Bagikan:

JAKARTA - Berdasarkan Survei Future Enterprise Resiliency and Spending Survey IDC 2022, ada sebanyak 65 persen perusahaan di kawasan Asia/Pasifik mengalami insiden ransomware yang memblokir sistem dan akses data, dengan 83 persen antaranya mengalami gangguan bisnis selama beberapa hari hingga beberapa minggu. 

Survei juga menyebutkan total kerugian finansial dari serangan siber yang ditargetkan tersebut menelan biaya hingga 109.000 dolar AS (Rp1,62 miliar) untuk segmen enterprise pada tahun 2022, dan termasuk kerusakan reputasi karena data konfidensial yang bocor atau dijual ke pelaku ancaman siber lainnya.

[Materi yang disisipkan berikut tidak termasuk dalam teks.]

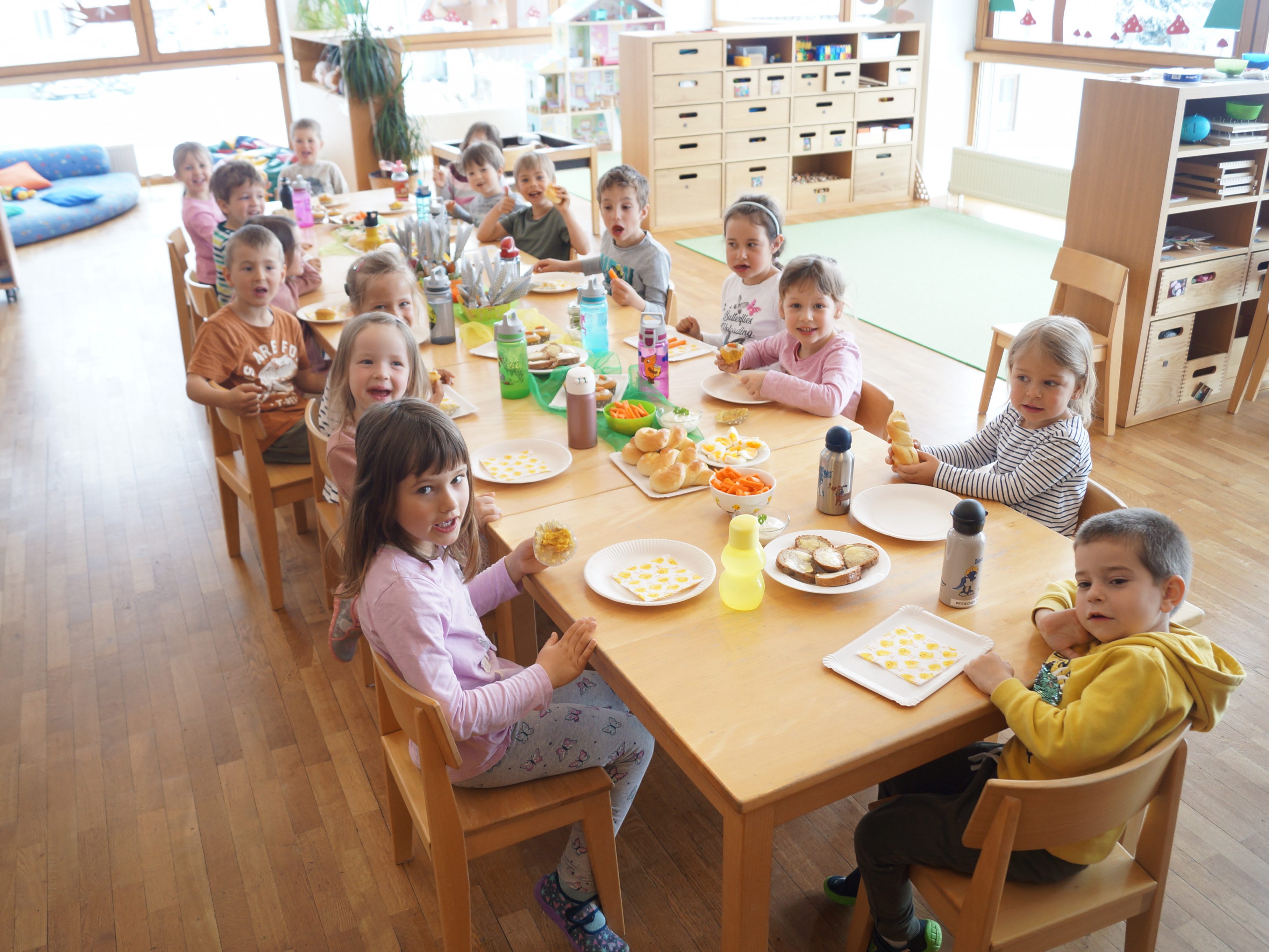 Freudige Osterfeier im Kindergarten Übersaxen. Freudige Osterfeier im Kindergarten Übersaxen.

Hingga saat ini, Kaspersky telah mendeteksi lebih dari 1 miliar ancaman dunia maya dan 400.000 sampel malware baru terdeteksi setiap hari. 

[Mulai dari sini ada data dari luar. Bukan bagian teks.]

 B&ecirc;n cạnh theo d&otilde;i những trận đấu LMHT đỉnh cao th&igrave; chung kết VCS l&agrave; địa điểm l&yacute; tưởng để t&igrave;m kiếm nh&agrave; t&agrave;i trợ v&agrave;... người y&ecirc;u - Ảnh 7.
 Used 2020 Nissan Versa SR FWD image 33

Menurut perusahaan global cyber security itu, dalam menghadapi ancaman yang kian menyebar tiada henti, tujuan utama dari operasi keamanan siber selain mendeteksi dan menghentikan ancaman adalah ketahanan siber.

Dalam artian, organisasi perlu menyelaraskan strategi ketahanan dunia maya dengan para pemimpin bisnis dan teknologi mereka, bekerja sama secara erat untuk memastikan gangguan seminimal mungkin dan pemulihan yang lebih mudah. 

Menurut survey IDC 2022 Asia/Pacific Enterprise Services and Security Sourcing, 43 persen bisnis di kawasan ini menyatakan bahwa tantangan terbesar untuk meningkatkan kemampuan keamanan TI adalah menyelaraskan antara tujuan bisnis dan keamanan.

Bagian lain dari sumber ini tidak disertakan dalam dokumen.